# [REQUIRED ACTION]
Check each line below for "Ford" and give the count of those that have it, nothing else.
------------
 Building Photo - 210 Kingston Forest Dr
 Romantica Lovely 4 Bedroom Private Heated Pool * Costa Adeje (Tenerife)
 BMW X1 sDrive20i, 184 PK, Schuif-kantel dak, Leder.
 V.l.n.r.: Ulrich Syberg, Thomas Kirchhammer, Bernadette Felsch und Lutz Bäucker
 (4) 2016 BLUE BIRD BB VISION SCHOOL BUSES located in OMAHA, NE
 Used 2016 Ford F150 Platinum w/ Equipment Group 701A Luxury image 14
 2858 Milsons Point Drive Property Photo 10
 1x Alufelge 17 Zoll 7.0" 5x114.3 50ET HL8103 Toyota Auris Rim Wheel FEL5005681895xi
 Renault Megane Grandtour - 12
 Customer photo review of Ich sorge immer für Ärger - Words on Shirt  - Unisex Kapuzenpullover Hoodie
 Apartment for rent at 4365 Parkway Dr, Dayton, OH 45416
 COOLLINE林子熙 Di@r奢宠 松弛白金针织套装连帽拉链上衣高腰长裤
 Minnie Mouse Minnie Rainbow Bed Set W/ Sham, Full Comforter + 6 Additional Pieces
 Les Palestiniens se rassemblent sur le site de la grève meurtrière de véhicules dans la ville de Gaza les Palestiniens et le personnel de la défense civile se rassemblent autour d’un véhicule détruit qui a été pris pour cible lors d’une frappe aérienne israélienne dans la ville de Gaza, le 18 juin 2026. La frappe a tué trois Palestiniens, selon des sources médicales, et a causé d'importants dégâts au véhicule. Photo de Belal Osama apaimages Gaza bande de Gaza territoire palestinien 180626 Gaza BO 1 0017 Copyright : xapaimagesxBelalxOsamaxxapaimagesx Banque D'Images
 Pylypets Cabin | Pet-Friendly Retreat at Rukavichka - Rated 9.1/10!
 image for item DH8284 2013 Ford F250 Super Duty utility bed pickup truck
------------
# [SOLUTION FOR THIS EXERCISE]
2